Work required. Keep only the lines from the start of the data through the line containing "Rosewood Cottage Tucked", and output them exactly.

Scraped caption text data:
* * * * * * *

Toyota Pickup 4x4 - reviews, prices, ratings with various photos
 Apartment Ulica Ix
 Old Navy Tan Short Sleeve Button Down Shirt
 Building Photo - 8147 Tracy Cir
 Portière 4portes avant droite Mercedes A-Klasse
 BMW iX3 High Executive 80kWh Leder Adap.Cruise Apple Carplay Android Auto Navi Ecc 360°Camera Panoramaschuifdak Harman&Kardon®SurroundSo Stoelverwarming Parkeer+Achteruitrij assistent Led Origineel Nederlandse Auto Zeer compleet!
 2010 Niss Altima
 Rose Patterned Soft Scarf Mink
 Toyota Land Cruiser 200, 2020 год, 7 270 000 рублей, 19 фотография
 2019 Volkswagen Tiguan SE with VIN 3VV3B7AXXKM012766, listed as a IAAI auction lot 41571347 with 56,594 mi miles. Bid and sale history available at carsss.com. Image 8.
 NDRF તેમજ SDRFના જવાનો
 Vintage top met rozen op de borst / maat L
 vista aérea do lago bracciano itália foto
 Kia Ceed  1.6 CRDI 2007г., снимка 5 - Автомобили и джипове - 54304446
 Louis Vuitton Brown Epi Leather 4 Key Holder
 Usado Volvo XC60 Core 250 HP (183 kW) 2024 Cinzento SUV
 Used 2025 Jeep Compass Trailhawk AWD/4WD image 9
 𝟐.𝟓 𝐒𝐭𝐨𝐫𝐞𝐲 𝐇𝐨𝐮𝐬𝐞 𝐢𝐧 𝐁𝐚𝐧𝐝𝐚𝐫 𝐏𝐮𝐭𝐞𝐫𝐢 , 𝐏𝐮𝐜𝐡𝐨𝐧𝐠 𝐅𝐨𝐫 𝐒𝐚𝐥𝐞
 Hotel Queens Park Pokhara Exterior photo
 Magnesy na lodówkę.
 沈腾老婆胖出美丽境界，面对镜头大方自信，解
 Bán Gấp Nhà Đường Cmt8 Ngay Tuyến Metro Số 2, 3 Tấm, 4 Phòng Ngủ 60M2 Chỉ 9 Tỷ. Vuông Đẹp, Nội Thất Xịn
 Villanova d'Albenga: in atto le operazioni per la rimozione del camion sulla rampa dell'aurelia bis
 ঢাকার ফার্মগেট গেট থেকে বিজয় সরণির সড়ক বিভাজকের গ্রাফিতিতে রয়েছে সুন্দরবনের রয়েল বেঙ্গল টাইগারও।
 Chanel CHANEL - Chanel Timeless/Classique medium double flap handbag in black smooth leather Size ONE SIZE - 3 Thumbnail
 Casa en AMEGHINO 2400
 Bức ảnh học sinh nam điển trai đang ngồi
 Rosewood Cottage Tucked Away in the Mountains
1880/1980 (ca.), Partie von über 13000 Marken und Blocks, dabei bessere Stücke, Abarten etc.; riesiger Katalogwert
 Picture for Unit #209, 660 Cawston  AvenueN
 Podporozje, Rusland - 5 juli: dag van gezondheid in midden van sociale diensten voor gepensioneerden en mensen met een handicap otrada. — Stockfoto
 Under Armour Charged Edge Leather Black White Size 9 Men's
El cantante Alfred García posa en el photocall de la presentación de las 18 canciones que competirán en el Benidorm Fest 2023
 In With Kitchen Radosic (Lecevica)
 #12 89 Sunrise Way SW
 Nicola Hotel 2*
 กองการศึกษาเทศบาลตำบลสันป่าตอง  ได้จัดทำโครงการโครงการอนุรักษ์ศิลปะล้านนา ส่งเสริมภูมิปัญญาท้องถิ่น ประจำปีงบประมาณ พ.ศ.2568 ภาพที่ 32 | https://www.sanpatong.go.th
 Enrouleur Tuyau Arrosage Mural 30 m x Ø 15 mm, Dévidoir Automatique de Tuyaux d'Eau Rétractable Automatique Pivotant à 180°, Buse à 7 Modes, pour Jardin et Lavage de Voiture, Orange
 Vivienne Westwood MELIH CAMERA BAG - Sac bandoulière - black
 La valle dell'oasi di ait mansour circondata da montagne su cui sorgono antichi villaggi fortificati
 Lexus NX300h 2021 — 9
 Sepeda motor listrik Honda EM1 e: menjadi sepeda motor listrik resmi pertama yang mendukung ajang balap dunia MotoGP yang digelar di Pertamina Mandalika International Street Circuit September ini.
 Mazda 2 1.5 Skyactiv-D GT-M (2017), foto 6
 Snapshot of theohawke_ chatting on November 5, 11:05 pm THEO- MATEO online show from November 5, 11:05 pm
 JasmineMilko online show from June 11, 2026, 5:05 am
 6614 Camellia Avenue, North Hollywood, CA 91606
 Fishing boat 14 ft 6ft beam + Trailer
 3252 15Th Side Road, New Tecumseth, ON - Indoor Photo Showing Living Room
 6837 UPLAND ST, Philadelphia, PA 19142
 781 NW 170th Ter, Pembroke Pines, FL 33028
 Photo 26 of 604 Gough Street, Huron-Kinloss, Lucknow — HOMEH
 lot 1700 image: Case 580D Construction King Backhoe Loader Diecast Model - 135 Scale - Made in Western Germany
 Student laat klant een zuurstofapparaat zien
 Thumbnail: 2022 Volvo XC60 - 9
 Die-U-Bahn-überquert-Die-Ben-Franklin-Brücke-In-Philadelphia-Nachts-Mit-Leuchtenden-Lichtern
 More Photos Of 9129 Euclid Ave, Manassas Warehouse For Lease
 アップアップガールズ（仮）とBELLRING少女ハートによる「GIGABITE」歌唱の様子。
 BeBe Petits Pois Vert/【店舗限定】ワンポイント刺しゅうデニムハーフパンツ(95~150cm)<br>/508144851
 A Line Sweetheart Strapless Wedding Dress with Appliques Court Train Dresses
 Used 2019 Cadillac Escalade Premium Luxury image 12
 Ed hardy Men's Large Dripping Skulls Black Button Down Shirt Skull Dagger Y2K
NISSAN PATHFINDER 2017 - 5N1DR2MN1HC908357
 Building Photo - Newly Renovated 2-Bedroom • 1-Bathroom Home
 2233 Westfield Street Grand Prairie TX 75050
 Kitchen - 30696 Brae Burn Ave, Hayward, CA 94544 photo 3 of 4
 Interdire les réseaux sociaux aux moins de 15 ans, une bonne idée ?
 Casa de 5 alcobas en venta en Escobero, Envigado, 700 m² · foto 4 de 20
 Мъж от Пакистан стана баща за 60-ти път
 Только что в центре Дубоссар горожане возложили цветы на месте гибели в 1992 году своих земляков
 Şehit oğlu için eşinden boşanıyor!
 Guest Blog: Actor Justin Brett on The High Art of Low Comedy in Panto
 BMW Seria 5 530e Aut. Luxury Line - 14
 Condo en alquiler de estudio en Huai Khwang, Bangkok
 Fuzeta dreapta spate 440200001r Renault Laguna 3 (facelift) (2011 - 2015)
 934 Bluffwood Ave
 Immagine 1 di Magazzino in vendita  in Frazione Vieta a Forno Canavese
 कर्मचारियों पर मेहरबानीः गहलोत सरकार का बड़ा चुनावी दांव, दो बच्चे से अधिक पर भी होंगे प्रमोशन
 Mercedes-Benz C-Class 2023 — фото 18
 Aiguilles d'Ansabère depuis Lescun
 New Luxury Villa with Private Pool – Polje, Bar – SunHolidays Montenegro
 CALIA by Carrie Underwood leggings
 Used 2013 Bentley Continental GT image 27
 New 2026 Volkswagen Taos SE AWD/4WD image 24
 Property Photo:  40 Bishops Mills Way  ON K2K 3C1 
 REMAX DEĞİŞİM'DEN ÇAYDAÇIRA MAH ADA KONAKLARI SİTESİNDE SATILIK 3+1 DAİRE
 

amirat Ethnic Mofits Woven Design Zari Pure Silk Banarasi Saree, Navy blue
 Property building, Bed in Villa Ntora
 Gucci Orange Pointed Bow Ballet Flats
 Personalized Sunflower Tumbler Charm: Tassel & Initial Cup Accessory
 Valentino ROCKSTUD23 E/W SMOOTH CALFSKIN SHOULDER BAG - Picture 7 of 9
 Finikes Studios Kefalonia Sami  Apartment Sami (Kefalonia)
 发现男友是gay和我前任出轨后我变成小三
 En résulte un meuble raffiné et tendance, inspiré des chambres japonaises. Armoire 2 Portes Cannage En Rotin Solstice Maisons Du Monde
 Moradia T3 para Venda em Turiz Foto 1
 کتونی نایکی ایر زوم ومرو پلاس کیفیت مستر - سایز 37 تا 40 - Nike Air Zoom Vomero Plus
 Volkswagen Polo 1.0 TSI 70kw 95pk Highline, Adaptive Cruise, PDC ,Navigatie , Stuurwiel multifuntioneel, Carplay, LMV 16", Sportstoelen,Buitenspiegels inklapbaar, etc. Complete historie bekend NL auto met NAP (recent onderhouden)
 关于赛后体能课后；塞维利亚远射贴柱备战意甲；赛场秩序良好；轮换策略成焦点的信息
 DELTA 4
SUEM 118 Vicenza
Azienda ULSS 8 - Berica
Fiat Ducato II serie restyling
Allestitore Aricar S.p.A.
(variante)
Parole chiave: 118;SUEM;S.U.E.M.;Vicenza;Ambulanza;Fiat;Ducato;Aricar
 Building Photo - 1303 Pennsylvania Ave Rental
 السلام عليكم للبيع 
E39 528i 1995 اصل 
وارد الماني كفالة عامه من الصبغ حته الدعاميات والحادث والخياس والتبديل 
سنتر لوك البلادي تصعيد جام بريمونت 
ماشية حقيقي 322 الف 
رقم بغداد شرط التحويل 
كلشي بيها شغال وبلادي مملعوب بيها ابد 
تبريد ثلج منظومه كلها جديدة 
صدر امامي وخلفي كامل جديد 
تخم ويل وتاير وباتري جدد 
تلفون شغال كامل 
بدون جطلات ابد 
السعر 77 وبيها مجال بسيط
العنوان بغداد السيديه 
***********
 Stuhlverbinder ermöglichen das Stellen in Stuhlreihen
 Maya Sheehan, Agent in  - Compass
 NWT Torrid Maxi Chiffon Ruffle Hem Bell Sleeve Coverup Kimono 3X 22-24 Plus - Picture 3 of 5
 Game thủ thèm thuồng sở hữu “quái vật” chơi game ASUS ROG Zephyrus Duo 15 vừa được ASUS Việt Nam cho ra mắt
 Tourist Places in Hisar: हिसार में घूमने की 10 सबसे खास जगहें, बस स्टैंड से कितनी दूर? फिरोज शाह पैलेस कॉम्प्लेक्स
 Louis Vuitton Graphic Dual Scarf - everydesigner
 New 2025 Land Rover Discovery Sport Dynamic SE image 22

* * * * * * *

Answer area.
Toyota Pickup 4x4 - reviews, prices, ratings with various photos
 Apartment Ulica Ix
 Old Navy Tan Short Sleeve Button Down Shirt
 Building Photo - 8147 Tracy Cir
 Portière 4portes avant droite Mercedes A-Klasse
 BMW iX3 High Executive 80kWh Leder Adap.Cruise Apple Carplay Android Auto Navi Ecc 360°Camera Panoramaschuifdak Harman&Kardon®SurroundSo Stoelverwarming Parkeer+Achteruitrij assistent Led Origineel Nederlandse Auto Zeer compleet!
 2010 Niss Altima
 Rose Patterned Soft Scarf Mink
 Toyota Land Cruiser 200, 2020 год, 7 270 000 рублей, 19 фотография
 2019 Volkswagen Tiguan SE with VIN 3VV3B7AXXKM012766, listed as a IAAI auction lot 41571347 with 56,594 mi miles. Bid and sale history available at carsss.com. Image 8.
 NDRF તેમજ SDRFના જવાનો
 Vintage top met rozen op de borst / maat L
 vista aérea do lago bracciano itália foto
 Kia Ceed  1.6 CRDI 2007г., снимка 5 - Автомобили и джипове - 54304446
 Louis Vuitton Brown Epi Leather 4 Key Holder
 Usado Volvo XC60 Core 250 HP (183 kW) 2024 Cinzento SUV
 Used 2025 Jeep Compass Trailhawk AWD/4WD image 9
 𝟐.𝟓 𝐒𝐭𝐨𝐫𝐞𝐲 𝐇𝐨𝐮𝐬𝐞 𝐢𝐧 𝐁𝐚𝐧𝐝𝐚𝐫 𝐏𝐮𝐭𝐞𝐫𝐢 , 𝐏𝐮𝐜𝐡𝐨𝐧𝐠 𝐅𝐨𝐫 𝐒𝐚𝐥𝐞
 Hotel Queens Park Pokhara Exterior photo
 Magnesy na lodówkę.
 沈腾老婆胖出美丽境界，面对镜头大方自信，解
 Bán Gấp Nhà Đường Cmt8 Ngay Tuyến Metro Số 2, 3 Tấm, 4 Phòng Ngủ 60M2 Chỉ 9 Tỷ. Vuông Đẹp, Nội Thất Xịn
 Villanova d'Albenga: in atto le operazioni per la rimozione del camion sulla rampa dell'aurelia bis
 ঢাকার ফার্মগেট গেট থেকে বিজয় সরণির সড়ক বিভাজকের গ্রাফিতিতে রয়েছে সুন্দরবনের রয়েল বেঙ্গল টাইগারও।
 Chanel CHANEL - Chanel Timeless/Classique medium double flap handbag in black smooth leather Size ONE SIZE - 3 Thumbnail
 Casa en AMEGHINO 2400
 Bức ảnh học sinh nam điển trai đang ngồi
 Rosewood Cottage Tucked Away in the Mountains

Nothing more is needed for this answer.